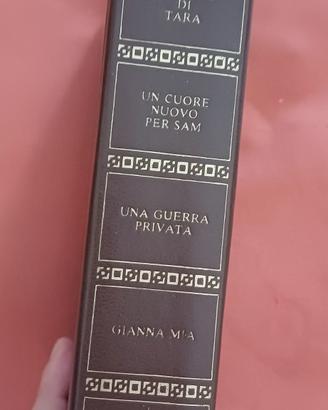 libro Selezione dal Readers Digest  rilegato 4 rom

+ + + + +

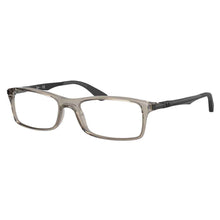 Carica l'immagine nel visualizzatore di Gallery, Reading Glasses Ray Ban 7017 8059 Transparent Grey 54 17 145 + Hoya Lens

+ + + + +

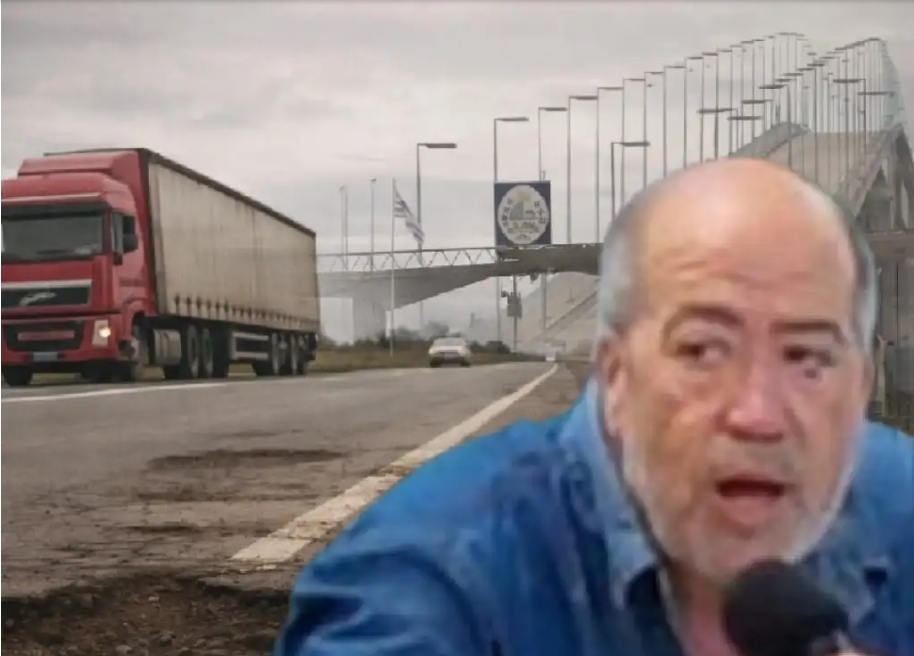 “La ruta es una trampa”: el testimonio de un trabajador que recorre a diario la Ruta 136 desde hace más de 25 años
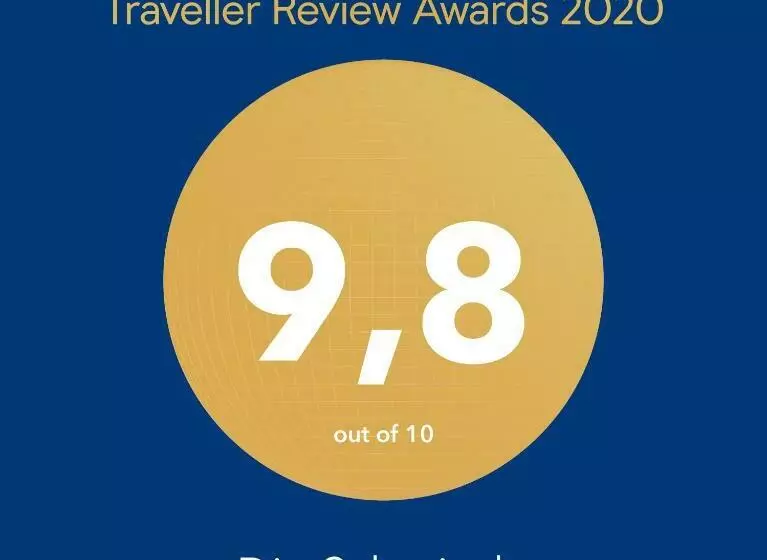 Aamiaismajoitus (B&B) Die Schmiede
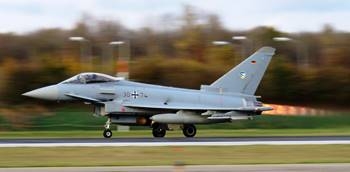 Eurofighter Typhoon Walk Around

+ + + + +

Of the records above, print only the lines from the one containing "Aamiaismajoitus (B&B) Die Schmiede" through the one containing "Eurofighter Typhoon Walk Around", inclusive and unaltered, leaving out pictures.

Response ▸
 Aamiaismajoitus (B&B) Die Schmiede
 Eurofighter Typhoon Walk Around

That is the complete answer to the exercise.